BEGIN The data
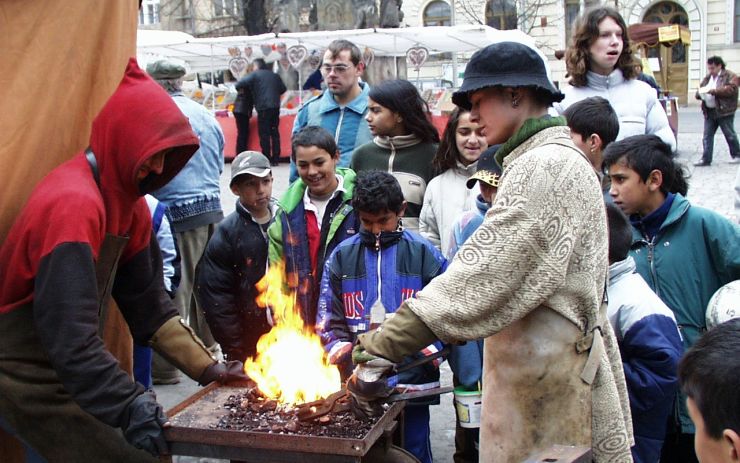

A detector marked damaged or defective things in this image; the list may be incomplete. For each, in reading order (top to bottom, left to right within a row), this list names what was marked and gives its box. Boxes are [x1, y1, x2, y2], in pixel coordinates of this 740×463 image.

rusty metal tray [164, 382, 404, 462]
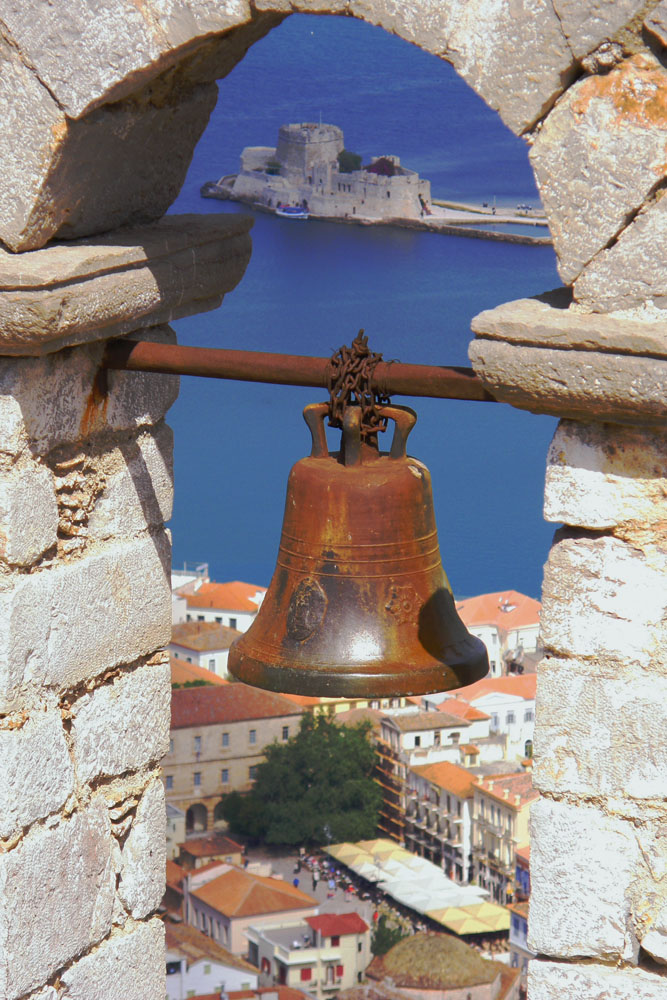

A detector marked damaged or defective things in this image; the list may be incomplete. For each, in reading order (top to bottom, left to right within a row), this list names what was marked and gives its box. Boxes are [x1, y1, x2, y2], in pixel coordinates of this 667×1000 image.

rusted metal rod [104, 340, 498, 402]
rusty bell surface [230, 400, 490, 696]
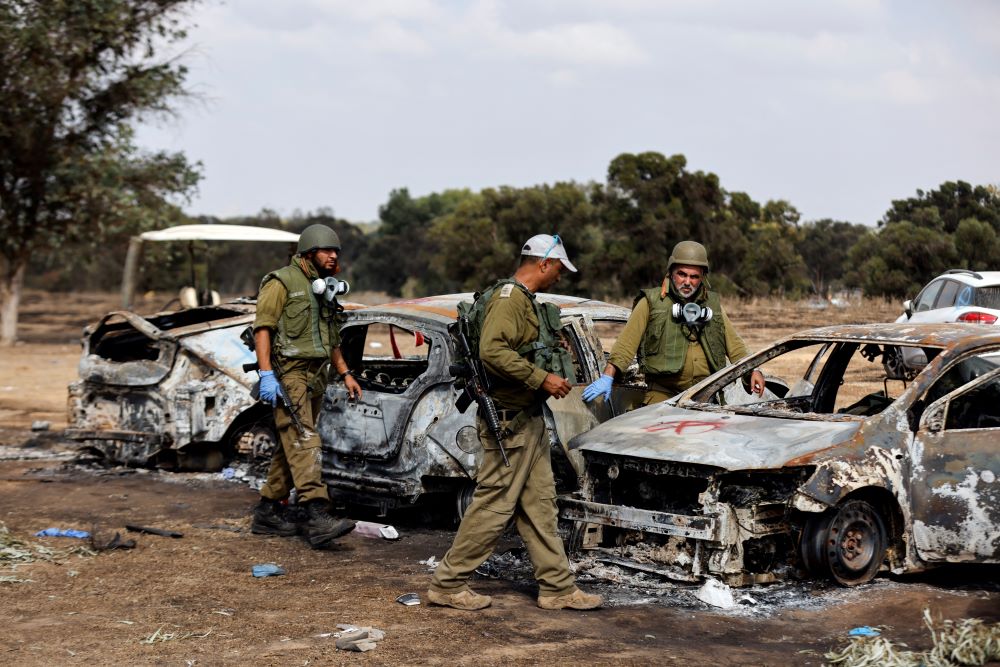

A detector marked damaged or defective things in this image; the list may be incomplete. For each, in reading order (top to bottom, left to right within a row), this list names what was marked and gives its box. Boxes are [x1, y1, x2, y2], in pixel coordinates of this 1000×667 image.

charred vehicle [66, 302, 276, 470]
destroyed car door [320, 320, 446, 462]
charred vehicle [320, 294, 648, 520]
burned car [322, 294, 648, 520]
burned car [564, 326, 1000, 588]
charred vehicle [564, 326, 1000, 588]
destroyed car door [916, 354, 1000, 564]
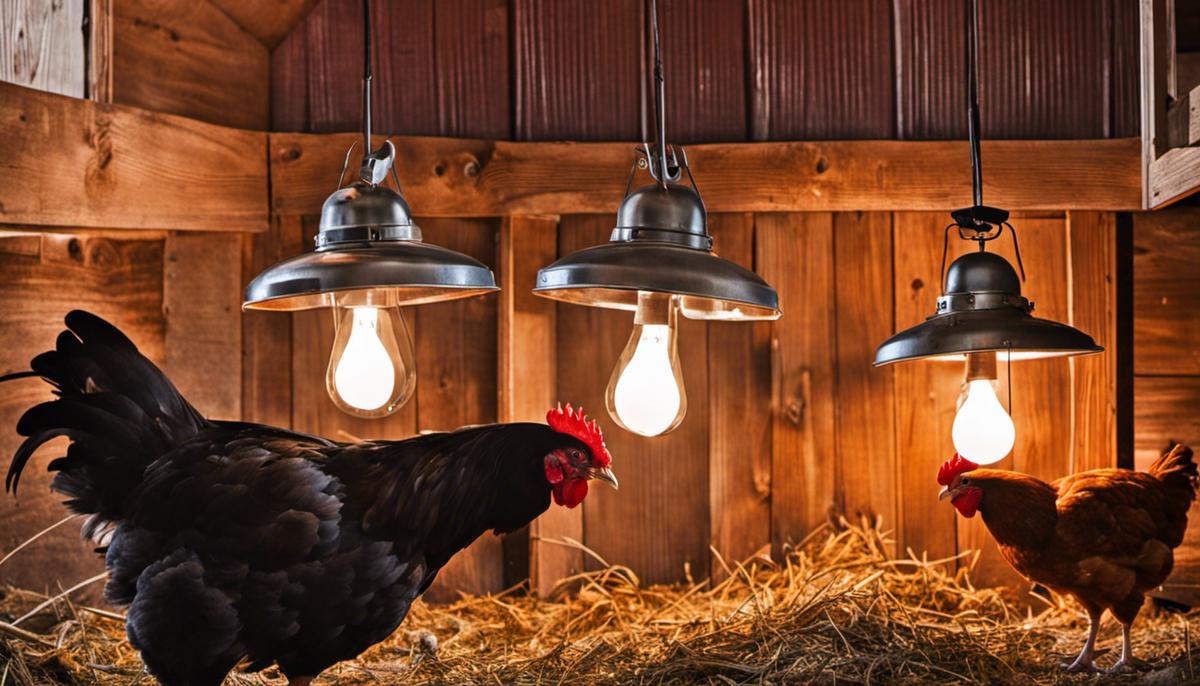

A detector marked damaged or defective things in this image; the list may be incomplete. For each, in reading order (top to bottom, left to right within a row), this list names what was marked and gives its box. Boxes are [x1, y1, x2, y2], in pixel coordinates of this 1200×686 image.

rusted metal lamp fixture [243, 0, 496, 417]
rusted metal lamp fixture [532, 1, 777, 438]
rusted metal lamp fixture [873, 0, 1099, 465]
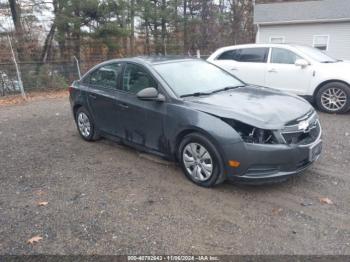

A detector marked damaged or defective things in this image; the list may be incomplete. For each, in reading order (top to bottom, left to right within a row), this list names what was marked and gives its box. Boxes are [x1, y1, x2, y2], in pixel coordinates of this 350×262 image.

damaged hood [185, 85, 314, 129]
cracked headlight [223, 118, 278, 144]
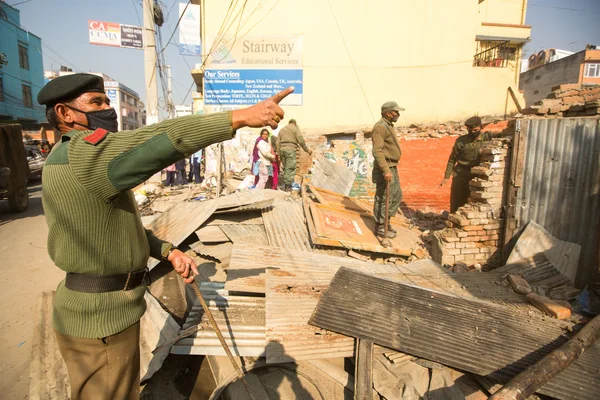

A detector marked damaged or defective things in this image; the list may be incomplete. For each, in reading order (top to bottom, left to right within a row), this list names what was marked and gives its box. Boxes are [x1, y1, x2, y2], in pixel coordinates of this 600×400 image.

rusty metal roofing sheet [145, 200, 218, 268]
rusty metal roofing sheet [223, 241, 420, 294]
rusty metal roofing sheet [310, 159, 356, 198]
rusty metal roofing sheet [506, 220, 580, 282]
rusty metal roofing sheet [516, 116, 600, 288]
rusty metal roofing sheet [169, 282, 262, 358]
rusty metal roofing sheet [310, 266, 600, 400]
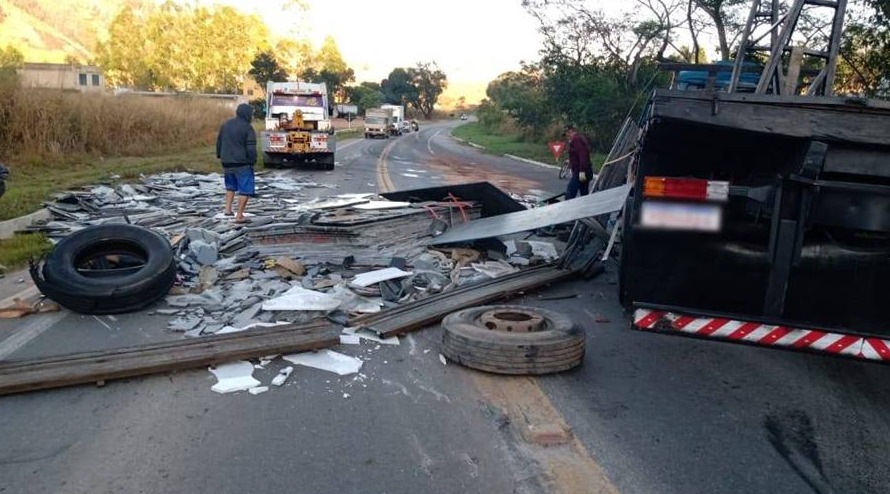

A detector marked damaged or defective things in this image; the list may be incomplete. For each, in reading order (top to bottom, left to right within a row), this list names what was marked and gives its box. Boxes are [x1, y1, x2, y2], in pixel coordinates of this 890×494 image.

detached truck wheel [442, 304, 584, 374]
wrecked truck side panel [616, 90, 888, 340]
overturned truck trailer [620, 89, 888, 358]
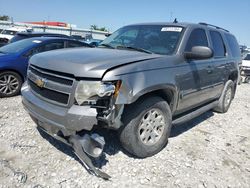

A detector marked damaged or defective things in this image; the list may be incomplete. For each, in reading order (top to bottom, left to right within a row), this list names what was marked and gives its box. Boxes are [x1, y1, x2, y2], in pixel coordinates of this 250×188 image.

bent hood [29, 48, 162, 78]
crumpled front bumper [20, 82, 97, 135]
shattered headlight [74, 80, 115, 105]
damaged chevrolet tahoe [22, 22, 242, 179]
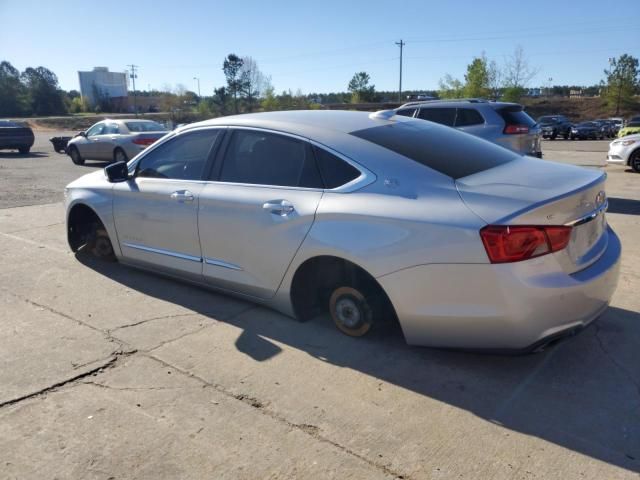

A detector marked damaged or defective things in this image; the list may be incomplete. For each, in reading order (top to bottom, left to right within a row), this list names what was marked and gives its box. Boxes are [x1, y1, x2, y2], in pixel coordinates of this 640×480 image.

cracked asphalt [1, 134, 640, 480]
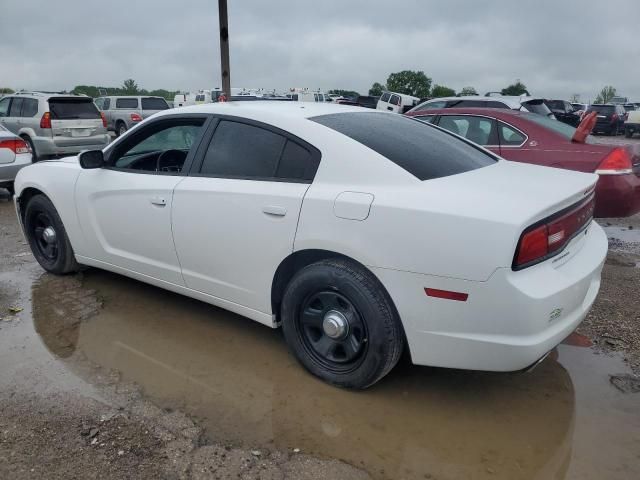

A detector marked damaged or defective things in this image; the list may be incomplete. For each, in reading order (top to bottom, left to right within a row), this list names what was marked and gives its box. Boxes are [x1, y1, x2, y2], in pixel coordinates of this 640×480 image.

damaged red car [410, 108, 640, 218]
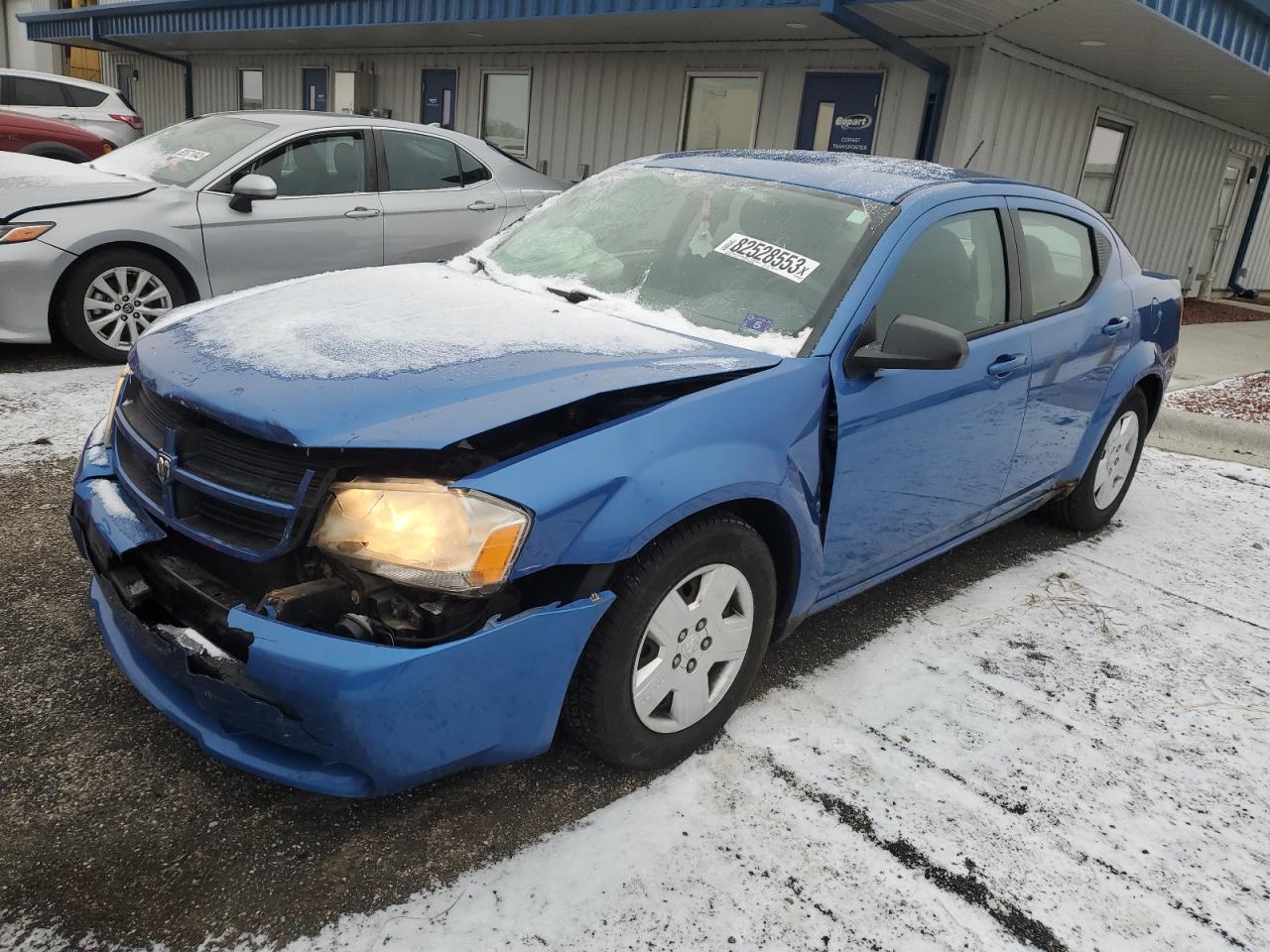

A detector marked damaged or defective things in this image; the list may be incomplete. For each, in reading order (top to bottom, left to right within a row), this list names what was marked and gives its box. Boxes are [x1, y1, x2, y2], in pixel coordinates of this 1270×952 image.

dented hood [0, 153, 153, 219]
dented hood [134, 265, 777, 451]
damaged front bumper [69, 431, 614, 796]
broken headlight assembly [312, 479, 531, 599]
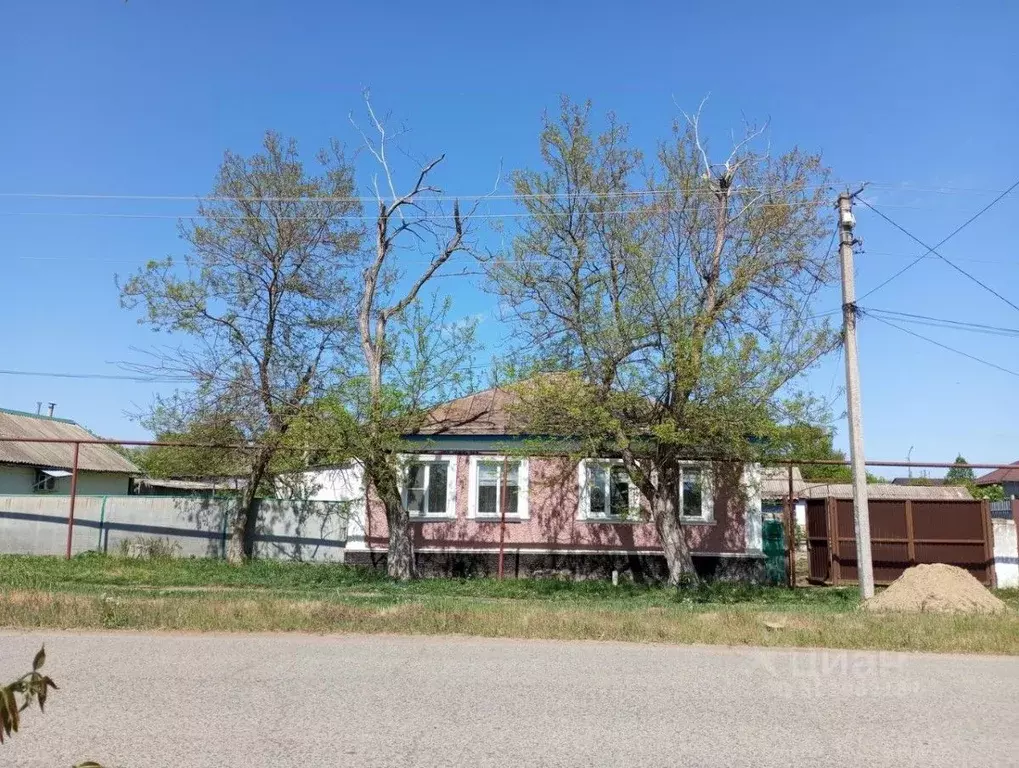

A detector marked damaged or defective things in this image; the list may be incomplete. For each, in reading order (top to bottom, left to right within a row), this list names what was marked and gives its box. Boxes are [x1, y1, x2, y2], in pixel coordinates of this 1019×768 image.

rusty metal roof [0, 407, 140, 472]
rusty fence frame [1, 431, 1019, 570]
END The data
**Exercise directions**
From the line containing "this 1019×768 image." to the final line of the data, repeat each line exactly. Include both ends.

**Answer for the task**
A detector marked damaged or defective things in this image; the list may be incomplete. For each, in reading order (top to bottom, left to right within a row), this list names what was marked and gives its box. Boxes are [x1, y1, x2, y2], in pixel coordinates of this 1019×768 image.

rusty metal roof [0, 407, 140, 472]
rusty fence frame [1, 431, 1019, 570]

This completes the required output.